__GIVEN DATA__

####################

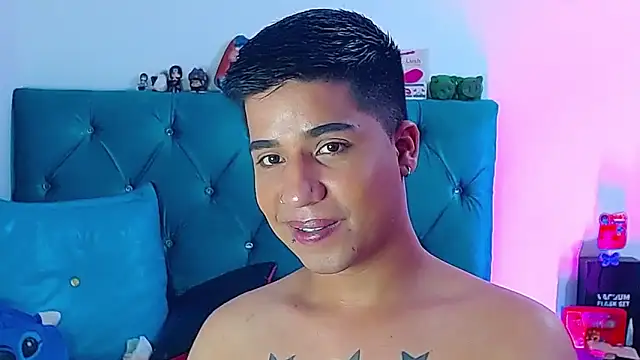 Snapshot of Randy_horny chatting on February 2025 07:31:01 AM Randy horny online show from February 2025 07:31:01 AM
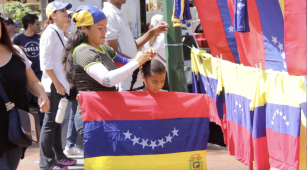 Venta de banderas, camisetas y gorras de Venezuela en calles de Caracas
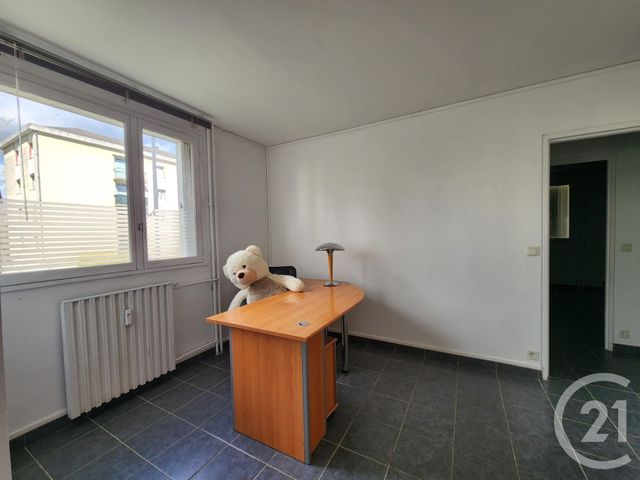 Appartement F4 &agrave; vendre - 4 pi&egrave;ces - 85 m2 - Compiegne - 60 - PICARDIE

####################

__AIM OF THE TASK__
Repeat the data exactly, without the pictures.

__ANSWER AREA__
 Snapshot of Randy_horny chatting on February 2025 07:31:01 AM Randy horny online show from February 2025 07:31:01 AM
 Venta de banderas, camisetas y gorras de Venezuela en calles de Caracas
 Appartement F4 &agrave; vendre - 4 pi&egrave;ces - 85 m2 - Compiegne - 60 - PICARDIE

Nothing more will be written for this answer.